Machine Learning
August 11, 2021
We are roughly a decade removed from the beginnings of the modern machine learning (ML) platform, inspired largely by the growing ecosystem of open-source Python-based technologies for data scientists. It’s a good time for us to reflect back upon the progress that has been made, highlight the major problems enterprises have with existing ML platforms, and discuss what the next generation of platforms will be like. As we’ll discuss, we believe the next disruption in the ML platform market will be the growth of data-centric AI platforms.

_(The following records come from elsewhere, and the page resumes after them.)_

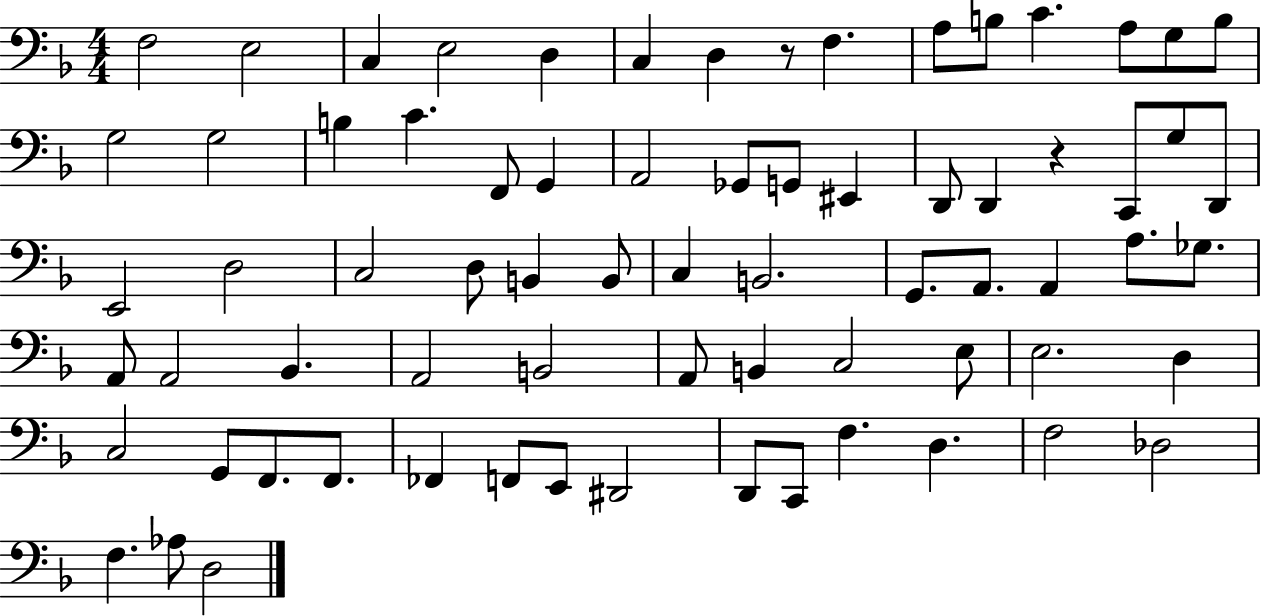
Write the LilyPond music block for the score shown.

{
  \clef bass
  \numericTimeSignature
  \time 4/4
  \key f \major
  f2 e2 | c4 e2 d4 | c4 d4 r8 f4. | a8 b8 c'4. a8 g8 b8 | \break g2 g2 | b4 c'4. f,8 g,4 | a,2 ges,8 g,8 eis,4 | d,8 d,4 r4 c,8 g8 d,8 | \break e,2 d2 | c2 d8 b,4 b,8 | c4 b,2. | g,8. a,8. a,4 a8. ges8. | \break a,8 a,2 bes,4. | a,2 b,2 | a,8 b,4 c2 e8 | e2. d4 | \break c2 g,8 f,8. f,8. | fes,4 f,8 e,8 dis,2 | d,8 c,8 f4. d4. | f2 des2 | \break f4. aes8 d2 | \bar "|."
}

It is sometimes easy to forget now (or, tragically, maybe it’s all too real for some), but there was once a time when building machine learning models required a substantial amount of work. In days not too far gone, this would involve implementing your own algorithms, writing tons of code in the process, and hoping you make no crucial errors in translating academic work into a functional library. Now that we have things like scikit-learn, XGBoost, and Tensorflow/PyTorch, a large obstacle has been removed and it’s possible for non-experts to create models with a smaller amount of domain knowledge and coding experience, and perhaps get initial results back in hours. In the process, it can sometimes be easy to forget what is at the essence of a ML solution. Were we inclined to attempt to solve a ML problem from scratch, what would we need? I’ve long believed that there are four key pieces to any ML solution:
The resulting outputs are predictions, which inevitably is what the business is interested in, but there’s non-trivial effort to get there. I bring this up because I’d like to propose it as a way to view the different generations of ML platforms, based upon which of the four elements listed above they focus on:
Platforms can change greatly based upon their focus, as we’ll see below. The one that is right for your organization largely depends on what your goals are: do you need a platform that streamlines the development lifecycle for research-oriented data scientists (Gen 1), or something that helps your business execute AI use cases as quickly as possible with minimal risk (Gen 3)?

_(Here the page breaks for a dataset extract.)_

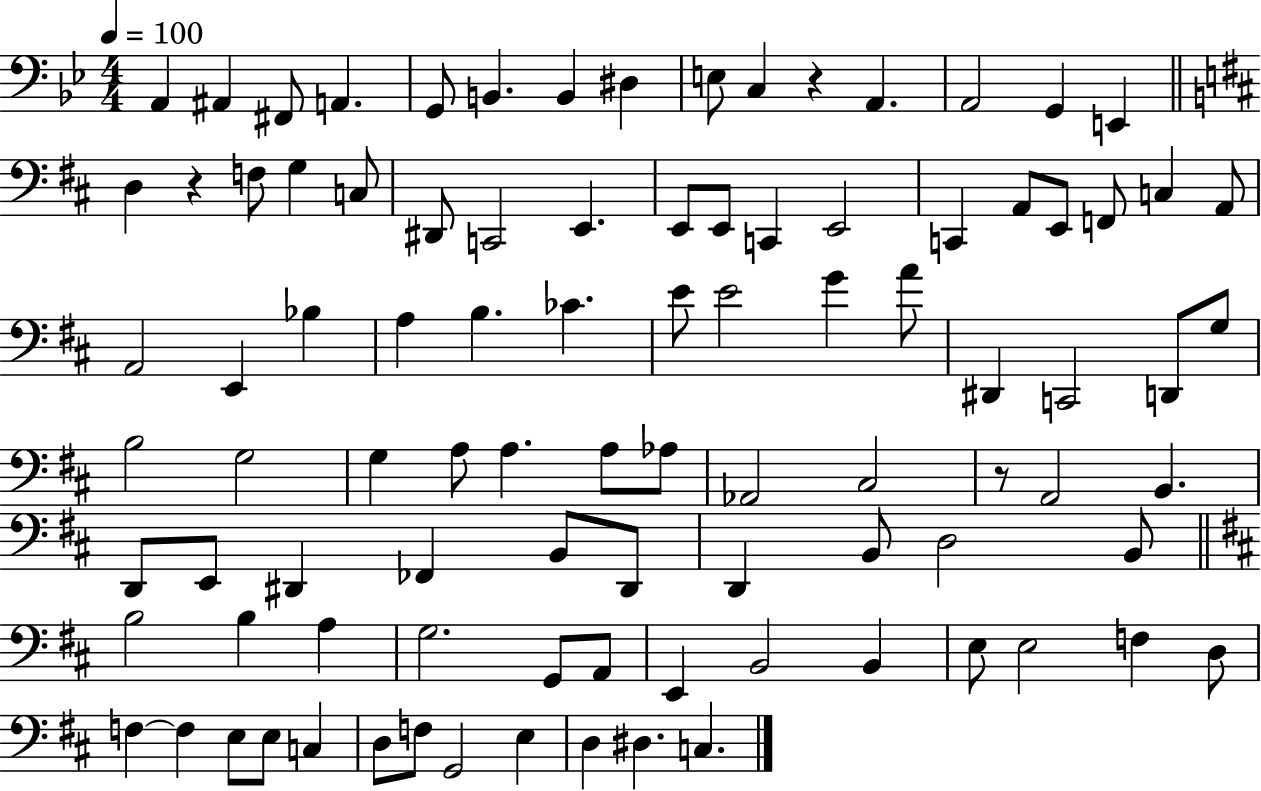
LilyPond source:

The modern take on the ML platform began to take shape in the late 2000s as an ecosystem of Python open-source libraries were emerging that made the task of developing data science relatively easy. Packages like NumPy (2006), pandas (2008), and scikit-learn (2007) made transforming and modeling data in Python much easier than it previously was, and, combined with tools like matplotlib (2003) and IPython (2001), newly minted data scientists could spin up a local development environment fairly quickly and readily have a multitude of tools at their disposal. Many early data practitioners came from the academic world and were previously accustomed to notebook-oriented tools like Mathematica and Maple, so it was no surprise that the release of IPython Notebooks in 2011 (later renamed to Jupyter Notebooks in 2015) came with much fanfare (Although we’ll take a Python-centric approach for this article, it’s worth noting that RStudio was also released in 2011). By this time, Python package and environment management were also getting easier thanks to Pypa (which maintains tools like virtualenv and pip); and a few years later data scientists got more powerful modeling tools with XGBoost (2014), TensorFlow (2015), and PyTorch (2016). All the pieces were really falling into place for Python data professionals.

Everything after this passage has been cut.